Review: A Killer’s Game

A Killer’s Game (Daniela Vega #1)A Killer’s Game by Isabella Maldonado
My rating: 5 of 5 stars

A group of 12 mercenary killers are invited to help an unknown client develop a special ops training program that will be conducted almost entirely virtually. Once they arrive at an unknown location in a desert-like location, they find themselves in a seven story underground maze the corridors and rooms of which are controlled remotely by the baritone voice of an unseen master. And they are not there to help him develop any training program.

All the questions are answered by the end--Who is this man? What is this set up if not a training program? Why does he seem to have as his end game the death and destruction of each of the participants? How is he reaching his goal? And Where the Hell are they? When will anyone come to rescue them? After all, one of their numbers is an undercover FBI Agent and another is a man who she and her fellow Agents have turned into her ally.
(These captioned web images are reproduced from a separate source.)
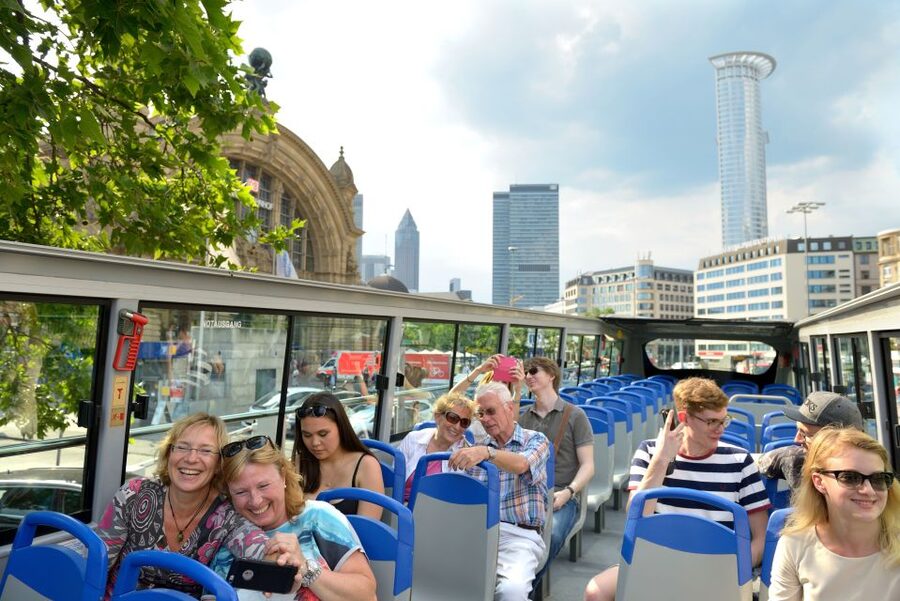 Frankfurt: Hop-On, Hop-Off Grand or Express Bus Ticket - 24-hour flexibility with 16 stops, start at Paulsplatz/Römer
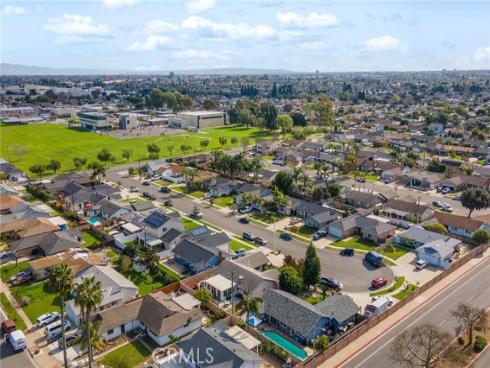 6021 Ivory Circle, Huntington Beach, CA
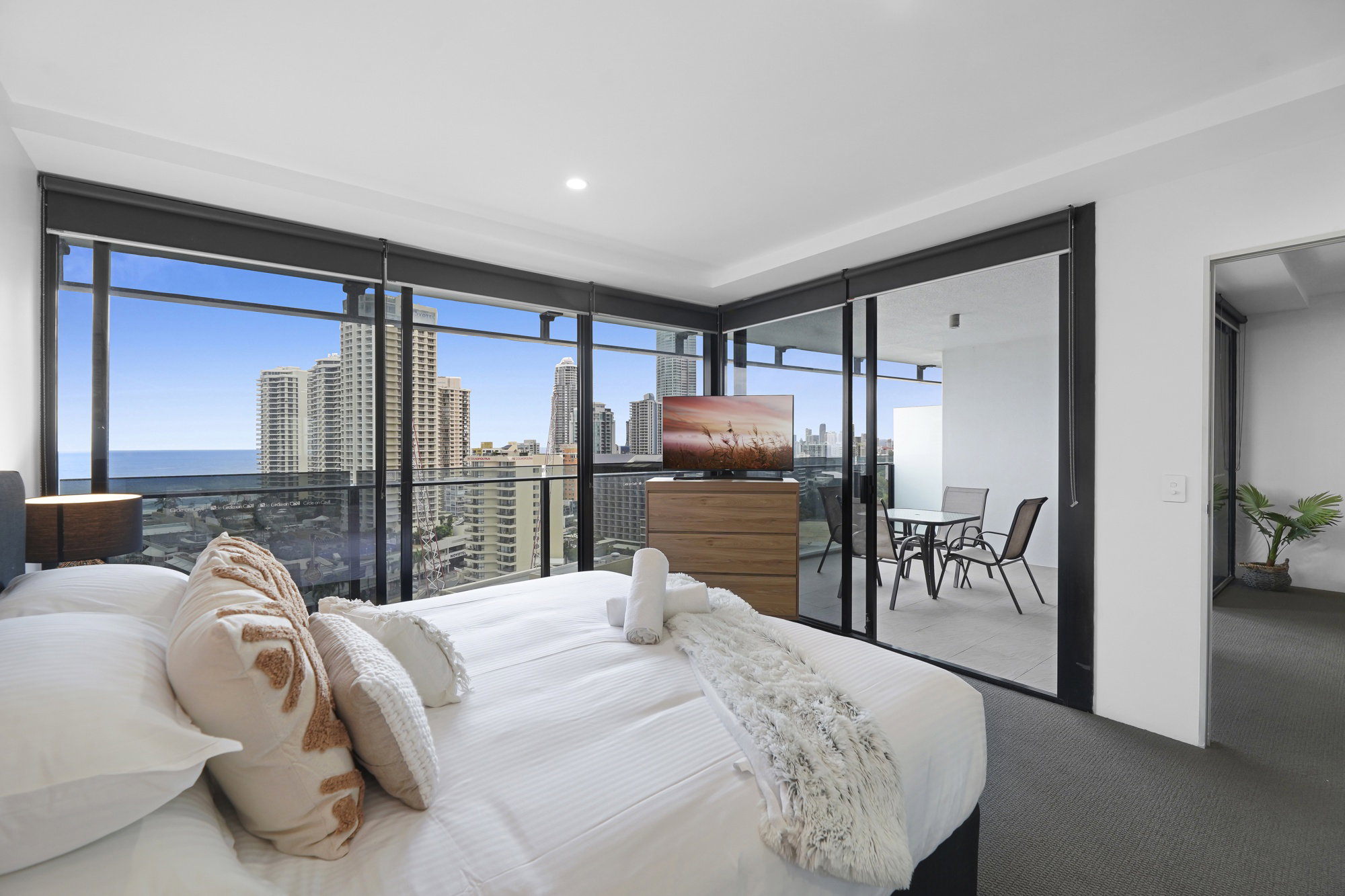 Furnished 2 Bedroom Apartment in Surfers Paradise
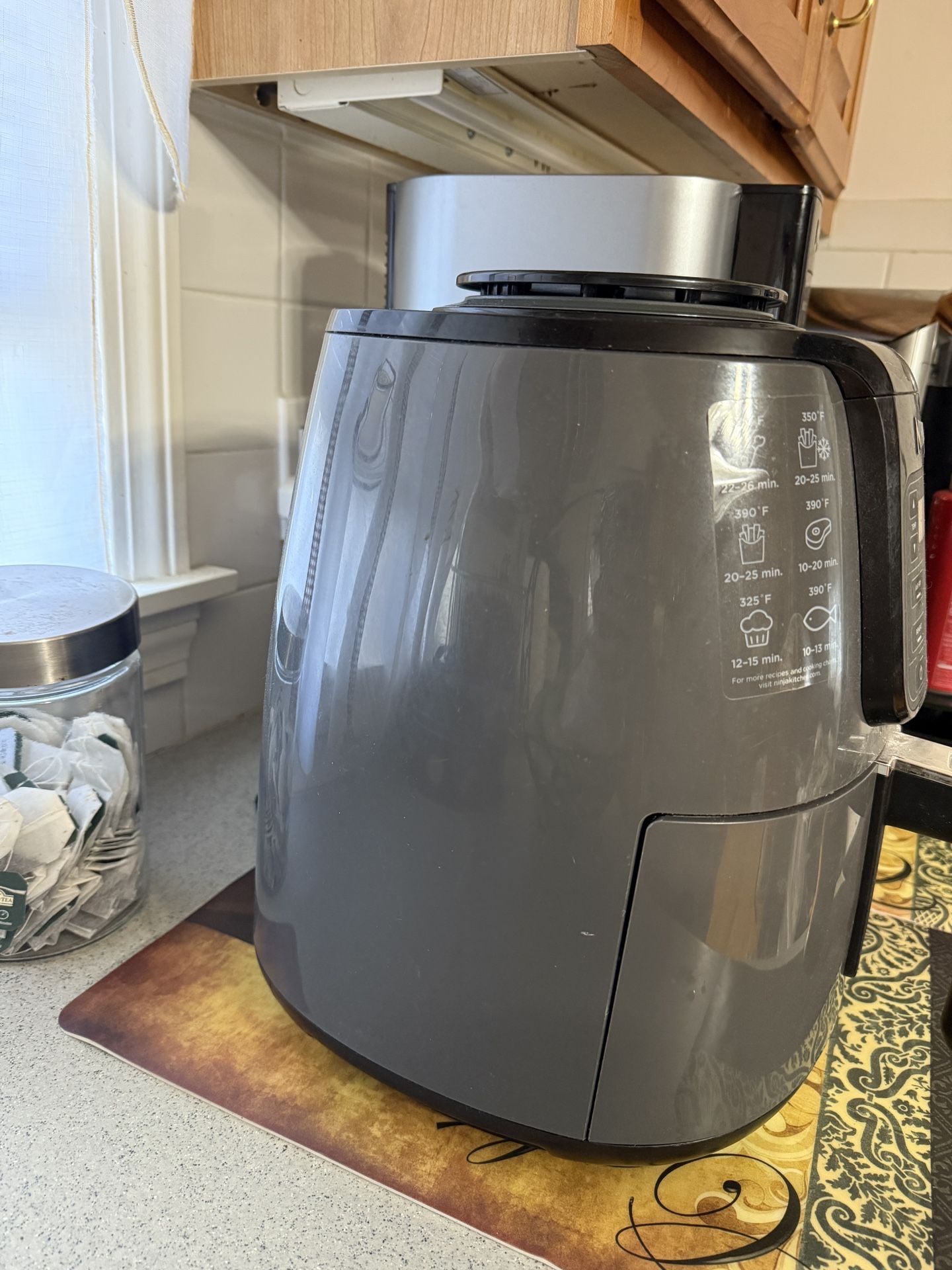 Air fryer 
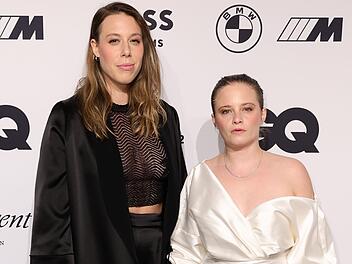 Jasna Fritzi Bauer (rechts) und Katharina Zorn haben sich getrennt.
Throw in a little Hispanic female Ranger who is smarter, tougher and stronger than any of the thugs who make up this team or the guy who is manipulating them and you have the requisite minority gal who can do anything her male counterparts can do, only better. Oh, sure, the spandex suit she is wearing is adequately described to let the reader know that she has all the feminine bodily allure that some of the men might notice. And, she has a few emotional moments, when she reacts momentarily to the deaths of her fellow captives or has memories of her backstory or interactions with her younger brother and sister. But, for all intents and purposes, she is just one of the guys in a book where most of the characters, including Dani, are called and referred to by surnames only--Vega, she is.

The theme is similar to The Naked Prey and The Most Dangerous Game in which humans are hunted prey and the heroine is similar to Erin Carter in the Netflix show--Who is Erin Carter--Vega just doesn't get gut shot or have as much hand to hand combat but the incredible survival skills shown usually by men in such shows and books is the same for her.

Not terribly original and having a definite agenda, still the book is riveting and the ending has a good hook.